Lipton Allan, Cook Richard, Saad Fred, Major Pierre, Garnero Patrick, Terpos Evangelos, Brown Janet E, Coleman Robert E
Department of Hematology-Oncology, Milton S. Hershey Medical Center, Pennsylvania State University, Hershey, PA 17033, USA.
Cancer. 2008 Jul 1;113(1):193-201. doi: 10.1002/cncr.23529.
For patients with bone metastases, high N-telopeptide of type I collagen (NTX) levels correlate with increased risks of skeletal-related events and death. However, the relation between NTX decreases and clinical benefits is unclear.
Correlations between NTX normalization during treatment and clinical outcome were retrospectively analyzed in 3 large, phase 3 trials. Urinary NTX levels were measured at baseline and at Month 3 in patients with bone metastases from breast cancer (BC; n = 578), hormone-refractory prostate cancer (HRPC; n = 472), or nonsmall-cell lung cancer and other solid tumors (NSCLC/OST; n = 291) who received zoledronic acid or control (pamidronate for BC; placebo for HRPC and NSCLC/OST) for up to 24 months. NTX levels were characterized as normal (N; <64 nmol/mmol creatinine) or elevated (E; > or =64 nmol/mmol creatinine).
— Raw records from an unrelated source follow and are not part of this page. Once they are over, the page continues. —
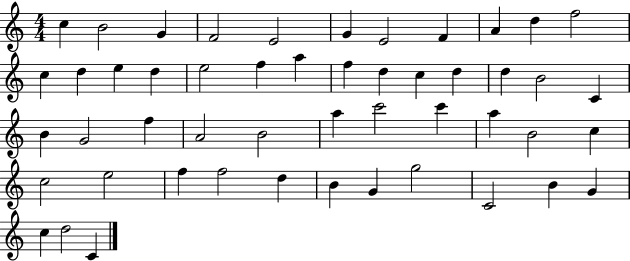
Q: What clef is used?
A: treble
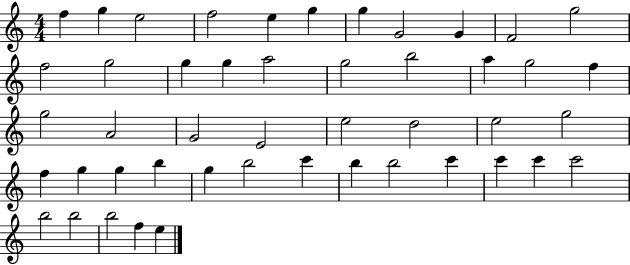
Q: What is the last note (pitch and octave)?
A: E5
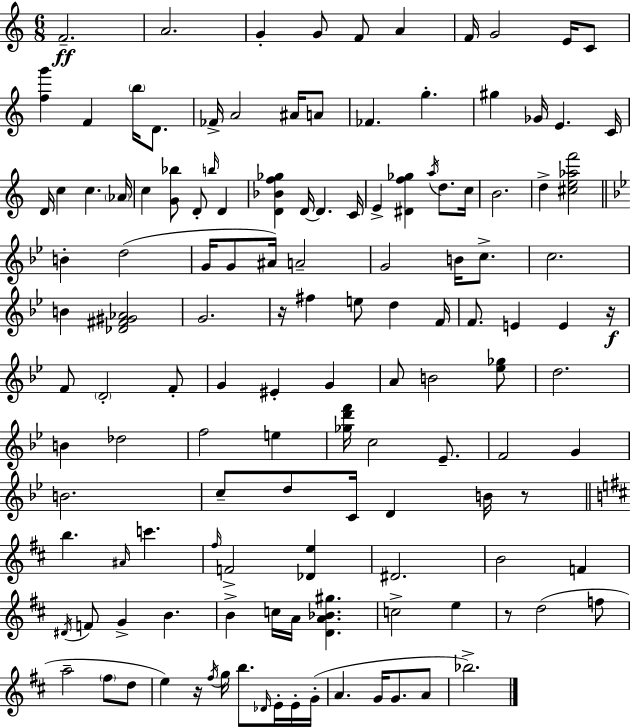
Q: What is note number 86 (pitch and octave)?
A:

After 3 months of zoledronic acid, most N-group patients maintained normal levels; however, most E-group patients normalized their NTX levels (BC, 81%; HRPC, 70%; NSCLC/OST, 81%). In contrast, NTX levels normalized with pamidronate in 65% of BC, with placebo in 8% of HRPC, and in 17% of NSCLC/OST E-group patients. Normalized NTX correlated with improved overall survival versus persistently elevated NTX (significant for zoledronic acid-treated patients; trend for placebo-treated patients). Moreover, percentage reductions from baseline NTX levels correlated with benefits regardless of whether patients transitioned from E to N.
Zoledronic acid normalizes or maintains normal NTX levels in most patients with bone metastases. Normalized NTX within 3 months of treatment, versus persistently elevated NTX, was associated with reduced risks of skeletal complications and death.
对于骨转移患者,I型胶原N-端肽(NTX)水平升高与骨相关事件及死亡风险增加相关。然而,NTX水平降低与临床获益之间的关系尚不清楚。
在3项大型3期试验中,对治疗期间NTX水平正常化与临床结局之间的相关性进行回顾性分析。对患有乳腺癌(BC;n = 578)、激素难治性前列腺癌(HRPC;n = 472)或非小细胞肺癌及其他实体瘤(NSCLC/OST;n = 291)的骨转移患者,在基线及治疗3个月时测量尿NTX水平,这些患者接受唑来膦酸或对照治疗(BC用帕米膦酸;HRPC和NSCLC/OST用安慰剂)长达24个月。NTX水平分为正常(N;<64 nmol/mmol肌酐)或升高(E;≥64 nmol/mmol肌酐)。
唑来膦酸治疗3个月后,大多数N组患者维持正常水平;然而,大多数E组患者的NTX水平恢复正常(BC为81%;HRPC为70%;NSCLC/OST为81%)。相比之下,BC患者中65%用帕米膦酸后NTX水平恢复正常,HRPC患者中8%用安慰剂后NTX水平恢复正常,NSCLC/OST E组患者中17%用安慰剂后NTX水平恢复正常。NTX水平恢复正常与总体生存率改善相关,与持续升高的NTX相比(唑来膦酸治疗患者有显著差异;安慰剂治疗患者有趋势差异)。此外,无论患者NTX水平是从E转变为N,基线NTX水平的降低百分比均与获益相关。
唑来膦酸可使大多数骨转移患者的NTX水平恢复正常或维持正常。治疗3个月内NTX水平恢复正常,与持续升高相比,与骨并发症及死亡风险降低相关。